The survey programme concept

The shallow survey depth of K=18.4 seems a sensible match to POSS II, as typical galaxy colours have B-K~4, and the plates reach B~22.5. From the latitude of UKIRT one can see roughly 30,000 sq. degs, three quarters of the sky. Allowing for likely inefficiencies and weather (see later), such a complete JHK survey would take about 1200 nights, i.e. around 5-10 years depending on what fraction of UKIRT time we use. Such an IR sky atlas would be an incredible resource and in the long term may be a sensible goal. But in the medium term, it is not the best strategy, for several reasons. (i) Much of the exciting science we would like to tackle is much deeper, while still requiring large amounts of data. (ii) Just as Schmidt era surveys fed spectroscopy on 4m class telescopes, we should be looking towards feeding spectroscopy on 8m telescopes. This suggests that we should be looking for exposures of a few hours rather than a few seconds. (iii) Multi-wavelength identifications - from current and imminent X-ray, submm, and radio facilities - are expected to be several magnitudes fainter than the Schmidt limit. (iv) For given science goals, even very ambitious ones, we don't necessarily need all that area, or quite so many sources. (v) Any given area should ideally be covered many times - for reliability, for variability, and for proper motions.

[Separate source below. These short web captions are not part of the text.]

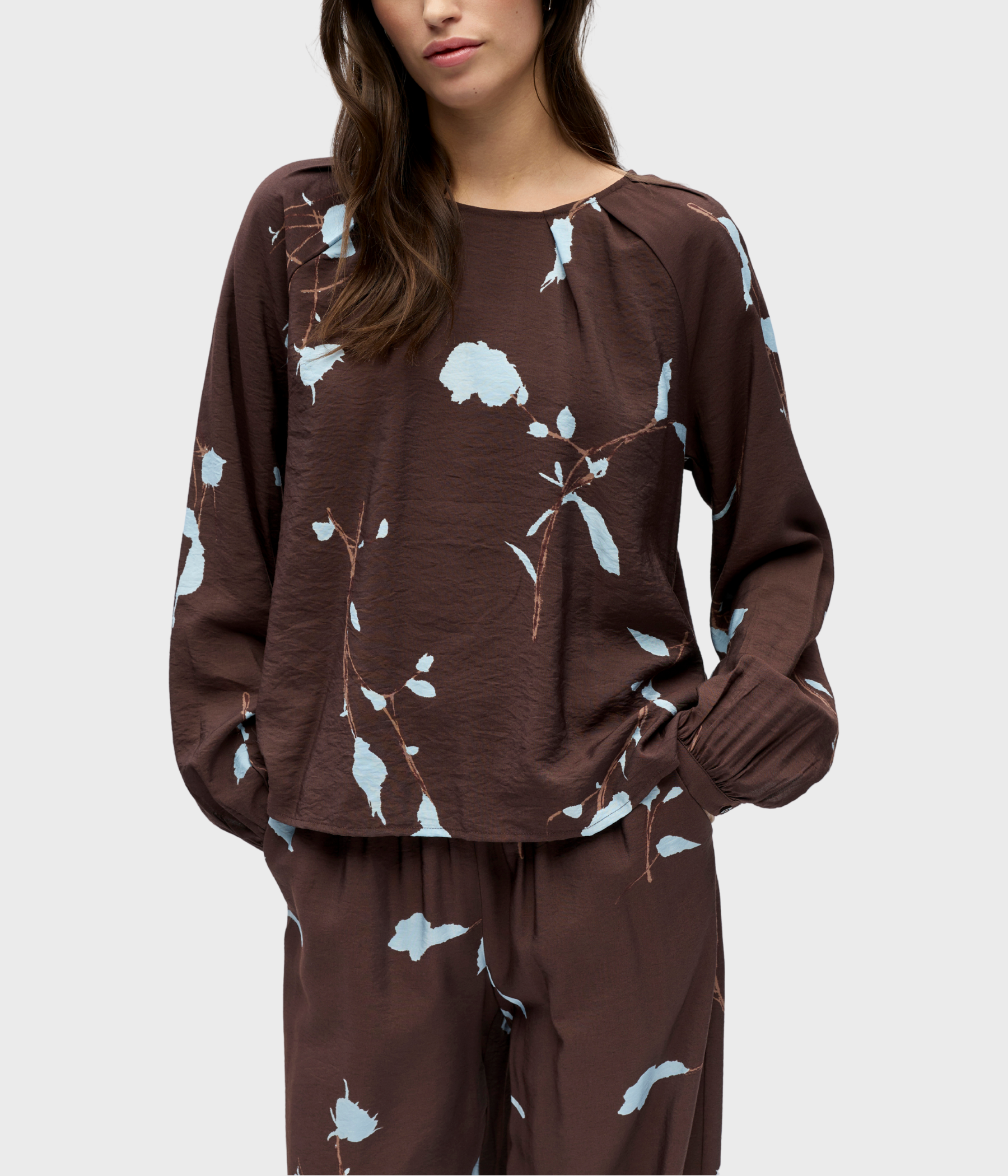 OBJBRIE L/S RE O-NECK TOP 143 (Seal Brown AOP:Winter sky flowers)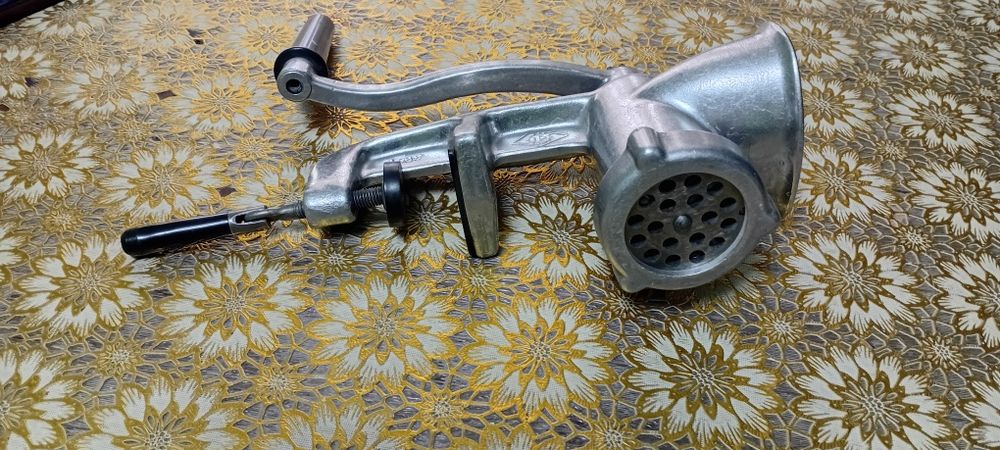 Ручные мясорубка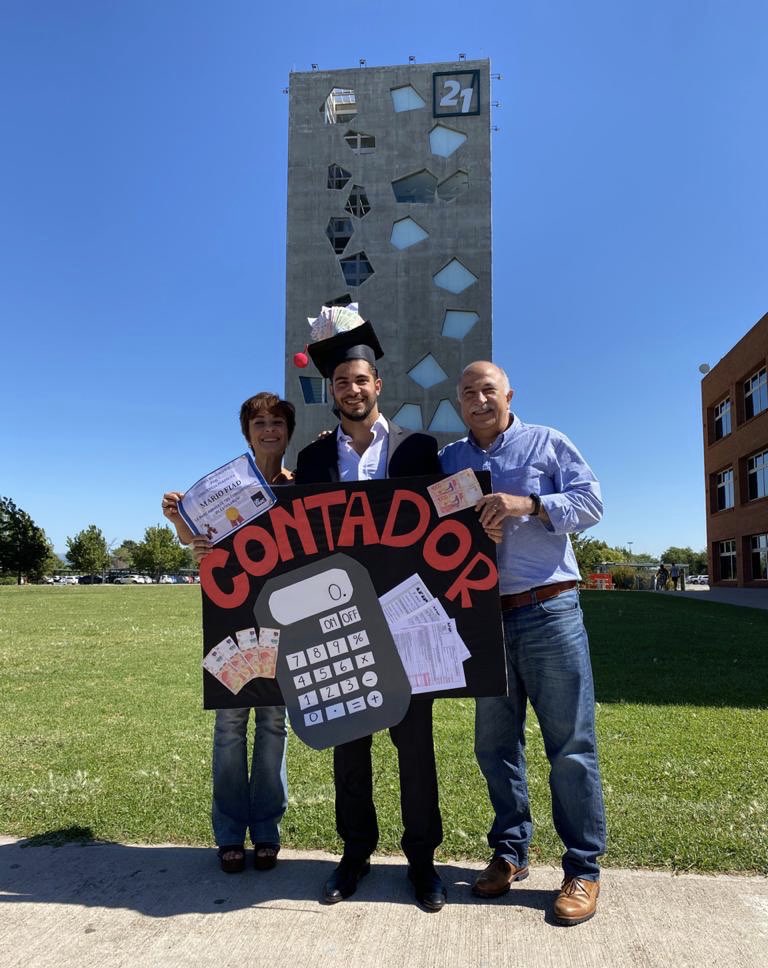 MarioFiad's tweet photo. Hijo, me llena de alegría y orgullo que cumplas tus metas y hoy te hayas recibido de Contador. Así como cada día me llena de alegría y orgullo saber de tu esfuerzo, de tu capacidad de sobreponerte a las adversidades y de lo buena y gran persona que sos. @maritoofiad 😃💪👏 https://t.co/qtYNOLc8lV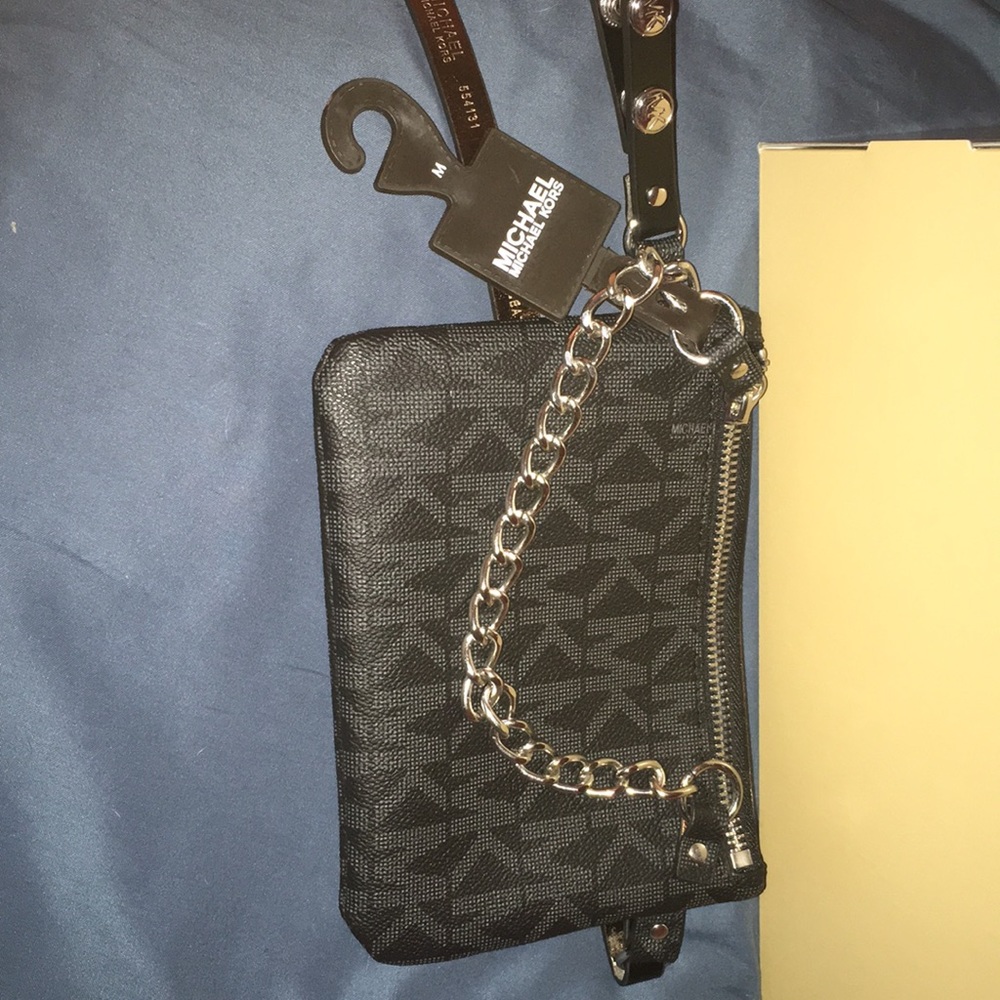 Michael Kors Fanny Pack Belt Bag MK Logo Black M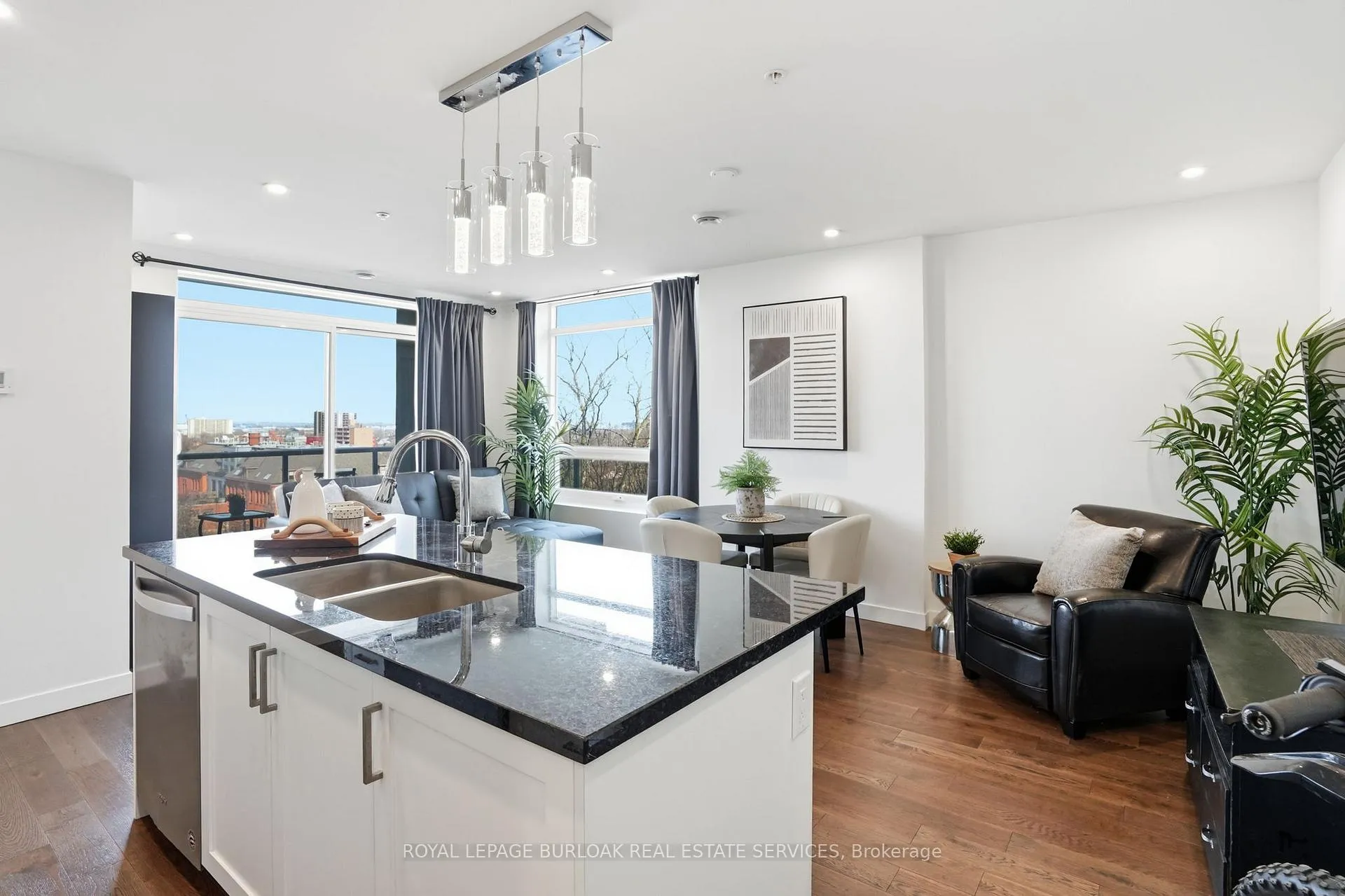 Photo 6 of Unit 307, 467 Charlton Avenue E, Hamilton, Stinson — HOMEH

All this argues for looking at the science drivers and tuning survey design accordingly. Of course these are hard to get right in advance, looking 5-10 years ahead, and different goals may push us in different directions. The net result from debate amongst our consortium is to propose not a single monolithic survey, but a survey programme, made up of a suite of distinct component sub-surveys with a variety of areas and depths. The particular areas and depths are driven by specific science goals. However, somewhat inevitably the general result is a kind of logarithmically spaced ''wedding cake'' plan with wide-shallow, medium, and narrow-deep surveys.